Return exactly the lines of the records below, starting at the line that contains "Moliin Angel Ruffle" and ending at the line that contains "14 KT WHITE", with both of those lines kept.

Available data:
:::

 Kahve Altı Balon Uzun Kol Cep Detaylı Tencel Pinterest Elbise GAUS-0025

:::

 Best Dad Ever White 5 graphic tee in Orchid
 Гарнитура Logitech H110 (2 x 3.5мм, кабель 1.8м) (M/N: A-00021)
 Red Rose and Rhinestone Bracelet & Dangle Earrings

:::

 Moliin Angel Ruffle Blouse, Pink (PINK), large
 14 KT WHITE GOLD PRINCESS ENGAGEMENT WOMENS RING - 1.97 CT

:::

Response area:
 Moliin Angel Ruffle Blouse, Pink (PINK), large
 14 KT WHITE GOLD PRINCESS ENGAGEMENT WOMENS RING - 1.97 CT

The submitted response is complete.